U.S. War on Afghanistan:

Taking Injustice to the Ground

Revolutionary Worker #1124, October 28, 2001, posted at http://rwor.org

"Americans reasonably wonder 'How long will it last?' The answer is that many of these changes we have made are permanent, at least in the lifetime of most of us."

Vice President Dick Cheney, speaking at a dinner
at the Waldorf-Astoria in New York

In the first two weeks of the U.S. attack on Afghanistan, 2,000 bombs and missiles were dropped by the U.S. and Britain on one of the poorest countries on earth. Then on October 19, the U.S. command announced that they had started sending in ground troops. After intensely bombing in and around the southern city of Kandahar all day, U.S. helicopters dropped in up to 200 special operations troops of the U.S. Army Rangers just outside the city. According to refugees, they attacked near the Taliban barracks at Qila Jadeed.
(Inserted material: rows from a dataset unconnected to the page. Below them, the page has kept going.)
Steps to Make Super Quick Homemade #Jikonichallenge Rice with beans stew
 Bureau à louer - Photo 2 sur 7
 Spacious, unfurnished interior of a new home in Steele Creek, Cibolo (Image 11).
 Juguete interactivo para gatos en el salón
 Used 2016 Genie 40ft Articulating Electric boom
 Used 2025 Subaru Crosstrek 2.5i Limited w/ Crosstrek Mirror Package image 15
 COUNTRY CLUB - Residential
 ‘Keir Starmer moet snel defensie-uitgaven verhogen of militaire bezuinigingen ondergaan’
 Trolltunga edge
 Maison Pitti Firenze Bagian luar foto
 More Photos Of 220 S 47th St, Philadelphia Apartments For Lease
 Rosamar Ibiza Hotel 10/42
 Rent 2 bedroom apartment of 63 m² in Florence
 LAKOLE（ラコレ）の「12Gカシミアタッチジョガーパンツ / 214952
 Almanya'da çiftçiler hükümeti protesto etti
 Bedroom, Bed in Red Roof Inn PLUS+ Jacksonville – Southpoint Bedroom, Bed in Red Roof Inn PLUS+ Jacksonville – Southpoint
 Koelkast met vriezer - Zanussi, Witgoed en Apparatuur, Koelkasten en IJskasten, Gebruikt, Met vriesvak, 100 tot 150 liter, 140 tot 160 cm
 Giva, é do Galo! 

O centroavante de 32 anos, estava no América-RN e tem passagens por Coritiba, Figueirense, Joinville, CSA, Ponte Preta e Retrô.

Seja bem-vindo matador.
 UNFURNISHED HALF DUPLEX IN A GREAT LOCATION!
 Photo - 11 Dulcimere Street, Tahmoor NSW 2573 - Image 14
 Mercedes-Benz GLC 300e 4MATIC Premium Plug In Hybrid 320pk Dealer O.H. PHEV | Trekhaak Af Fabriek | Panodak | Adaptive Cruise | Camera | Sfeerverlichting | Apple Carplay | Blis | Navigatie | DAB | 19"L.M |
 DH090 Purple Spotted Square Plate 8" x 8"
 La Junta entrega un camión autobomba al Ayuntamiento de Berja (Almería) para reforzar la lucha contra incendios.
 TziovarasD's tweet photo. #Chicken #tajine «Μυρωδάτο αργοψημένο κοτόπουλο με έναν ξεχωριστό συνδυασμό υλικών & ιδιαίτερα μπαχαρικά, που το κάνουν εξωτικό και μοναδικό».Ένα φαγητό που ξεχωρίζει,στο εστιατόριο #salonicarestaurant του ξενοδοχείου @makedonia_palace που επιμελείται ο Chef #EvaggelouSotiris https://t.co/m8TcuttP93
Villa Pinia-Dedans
Defense Department officials soon said that the main attack on Taliban army installations was a diversion covering a second unsuccessful raid. It was reportedly aimed at finding and assassinating Mullah Omar, the top Taliban leader.

As we go to press, little more is known about the fighting that night--except that there have been U.S. casualties. Taliban authorities announced that their forces shot down a U.S. helicopter--and the U.S. government acknowledged two casualties, while insisting the helicopter crash was accidental.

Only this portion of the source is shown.